O presidente da República promulgou diplomas legais de reforço dos "apoios sociais" que determinam mais despesa para o Orçamento do Estado e que têm como responsáveis os partidos que não estão no Governo, tendo existido pregão público do Governo defendendo a sua inconstitucionalidade.
Trata-se de uma originalidade, não tanto do presidente mas da situação política em que vivemos, de teimarmos em governar o país com um Governo que não tem o apoio de uma maioria parlamentar estável, mas apenas de maiorias de ocasião e de abstenção.
Se essa experiência resultou na anterior legislatura, em que o crescimento económico e o "antipassismo" estimulavam e consolidavam a geringonça, agora já temos Passos ao longe e temos bem por perto uma complexa crise social e económica provocada por uma pandemia que teima em não nos deixar.
Além de uma Lei do Orçamento do Estado 2021 que foi construída numa ambiência de fim de geringonça, e da alteração à Lei da Contratação Pública que a Assembleia da República construiu de forma trapalhona adulterando a proposta do Governo, o presidente vetou e a Assembleia ainda não conseguiu retomar, mesmo sendo uma matéria que tem uma elevada pertinência e premência para a boa gestão do Estado e dos fundos comunitários que estão quase a chegar.

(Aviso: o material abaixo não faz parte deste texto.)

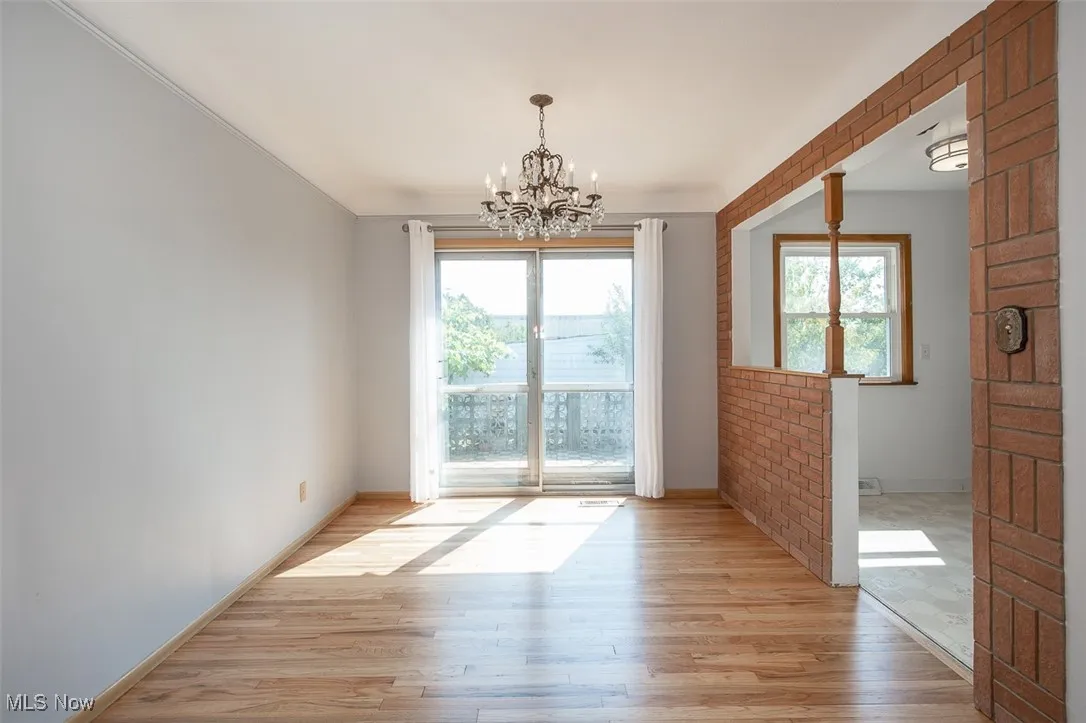 Dining room facing patio with kitchen to the right.
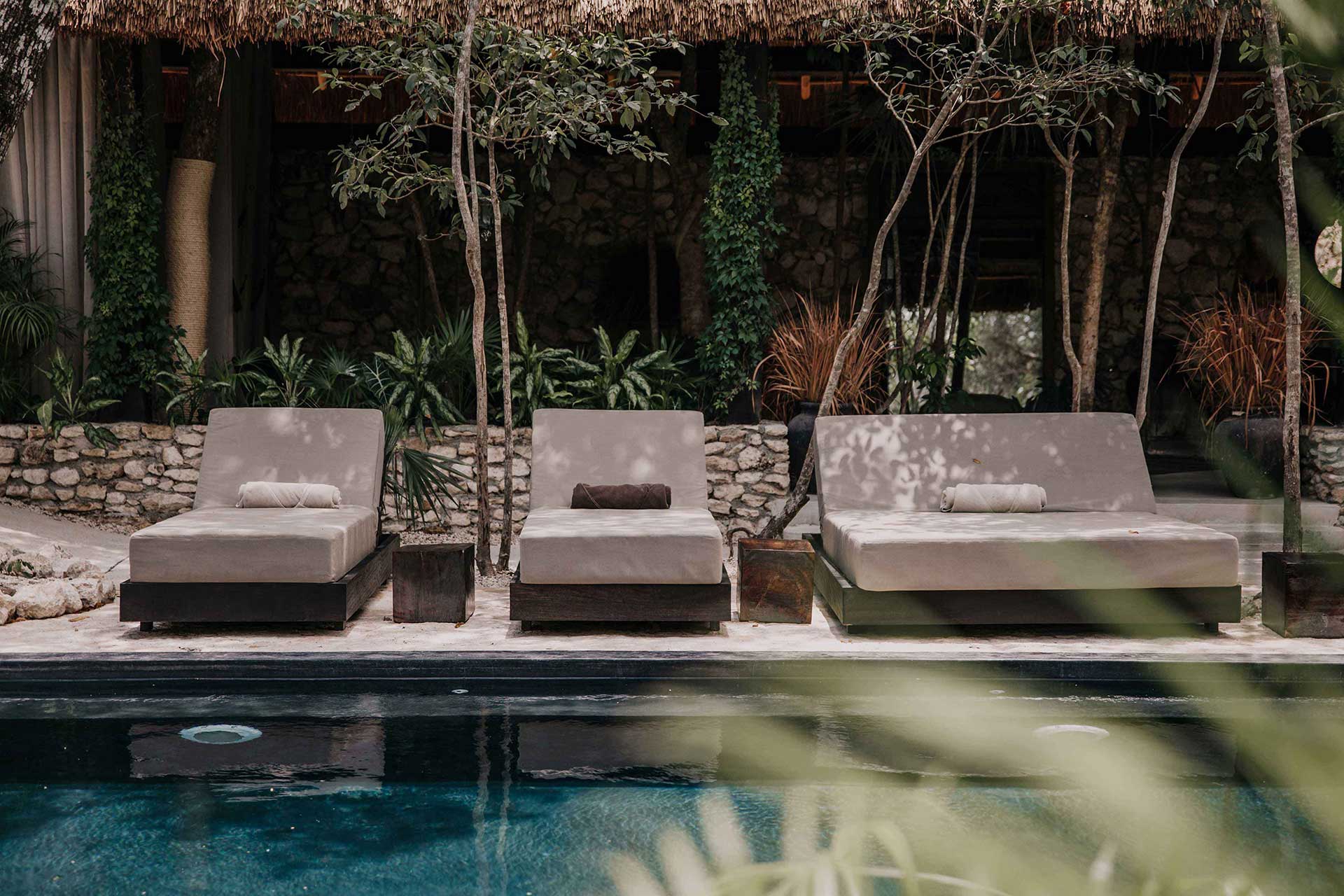 Bardo, Mexico — Three stone loungers with linen cushions beside dark infinity pool, framed by tall trees and ivy-covered walls under thatched roof.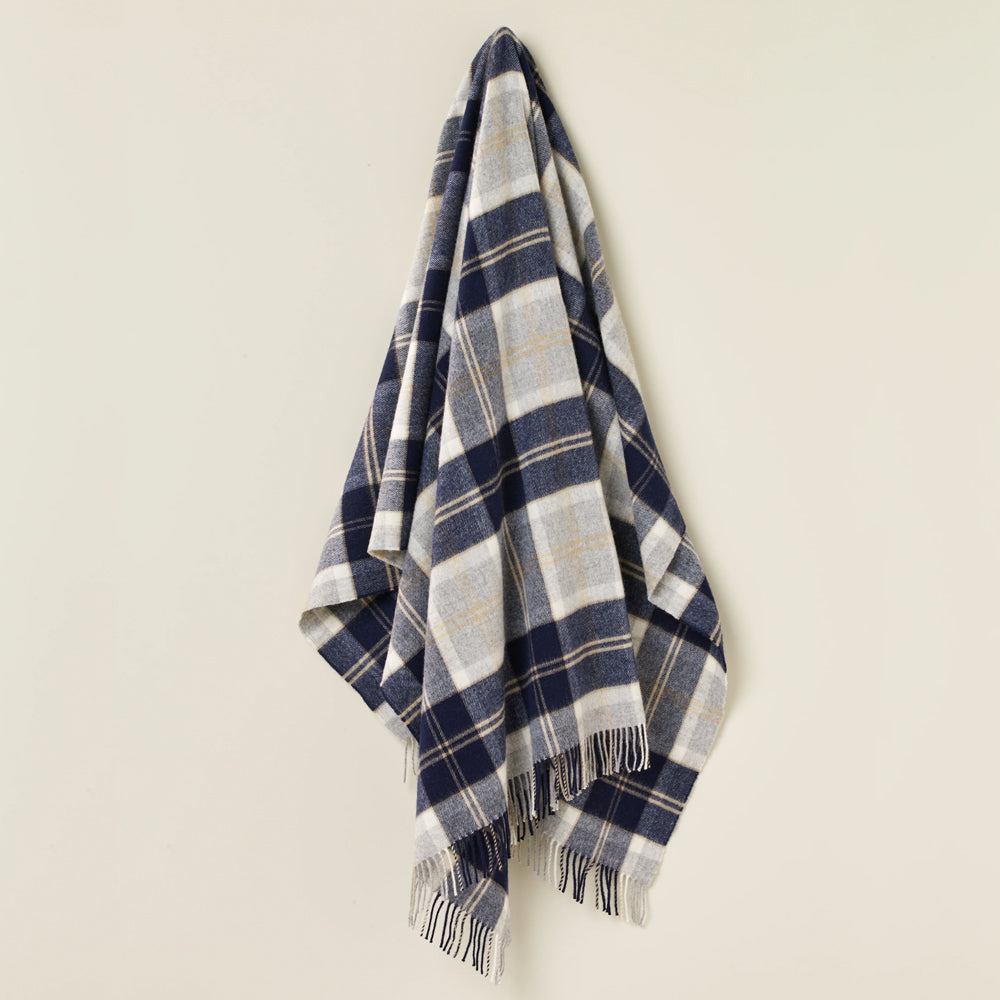 Grey and navy tartan throw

Descarrilou a geringonça e não há a humilde inteligência de assumir que assim não vamos lá, continuando com uma situação de descarrilamentos pontuais, que vão criando uma frustrante situação de não termos rumo certo nem determinado, de não termos um instrumento de governo forte para uma luta tão difícil como a que estamos a viver. Mesmo estando em guerra contra o difícil inimigo da covid-19.
É uma vivência política do tipo da gestão dos investimentos ferroviários do país, com muitos anúncios e muitas prioridades, sem conseguirmos colocá-las na devida ordem e nos carris do desenvolvimento rumo à Europa, assumindo a ordem das prioridades com a devida justificação e com a clara referenciação da fonte de financiamento.
Ou uma vivência política do tipo do novo aeroporto de Lisboa, que de facto talvez seja melhor assumir que se vai localizar no Porto, no Francisco Sá Carneiro, para acabar com a mais atribulada e atropelada decisão de investimento da gestão do Estado português.
Descarrilar ou não, eis a questão, num tempo em que é urgente levantar voo com um Governo forte e que governe mesmo, assente numa estável maioria parlamentar, mesmo que utilizando o Parlamento que temos.
Com a extrema-esquerda ou ao centro? Eis a questão.